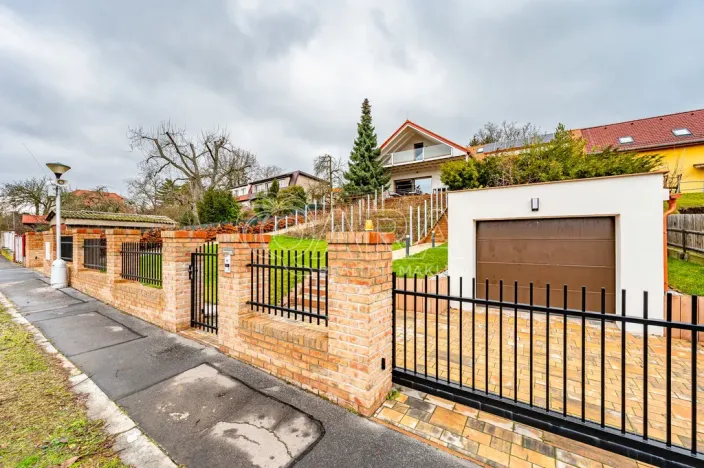 Pronájem vily, Roztoky, Nad vinicemi, 393 m2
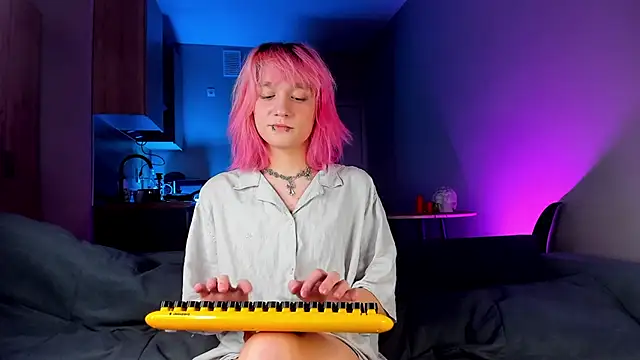 Gregory Byyrd online show from January 7, 9:25 pm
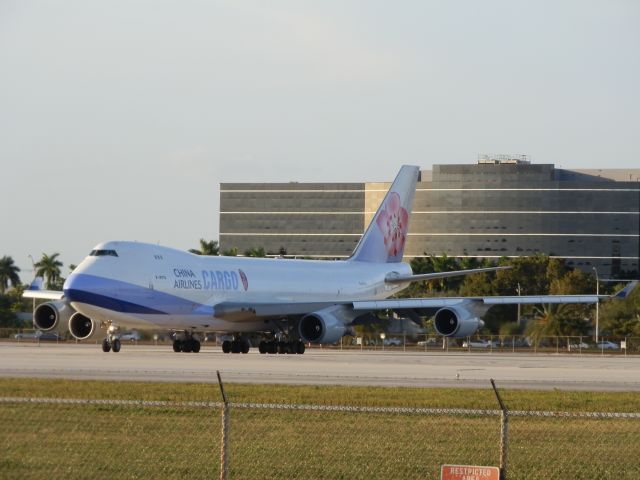 Boeing 747-400 (B-18716)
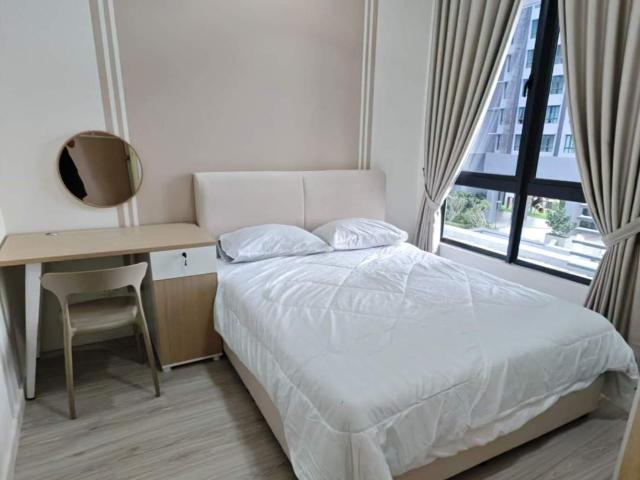Middle Room Move in condition For Rent @ META Residece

**Task statement:** Repeat the lines above exactly, and keep every picture out.

**Result:**
 Pronájem vily, Roztoky, Nad vinicemi, 393 m2
 Gregory Byyrd online show from January 7, 9:25 pm
 Boeing 747-400 (B-18716)
Middle Room Move in condition For Rent @ META Residece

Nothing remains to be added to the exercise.